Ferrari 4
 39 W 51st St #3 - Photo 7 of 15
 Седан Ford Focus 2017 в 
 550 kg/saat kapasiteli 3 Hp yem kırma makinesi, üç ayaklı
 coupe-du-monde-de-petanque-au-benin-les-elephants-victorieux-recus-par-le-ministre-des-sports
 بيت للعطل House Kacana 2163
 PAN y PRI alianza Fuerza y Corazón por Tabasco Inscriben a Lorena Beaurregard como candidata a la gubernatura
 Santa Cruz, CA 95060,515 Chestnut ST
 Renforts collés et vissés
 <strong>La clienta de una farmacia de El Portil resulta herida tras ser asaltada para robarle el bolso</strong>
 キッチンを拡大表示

──────────────────────────────

All lines from the one with "Renforts collés et vissés" to the end of the entries above are to be written out exactly, the first and last included.

 Renforts collés et vissés
 <strong>La clienta de una farmacia de El Portil resulta herida tras ser asaltada para robarle el bolso</strong>
 キッチンを拡大表示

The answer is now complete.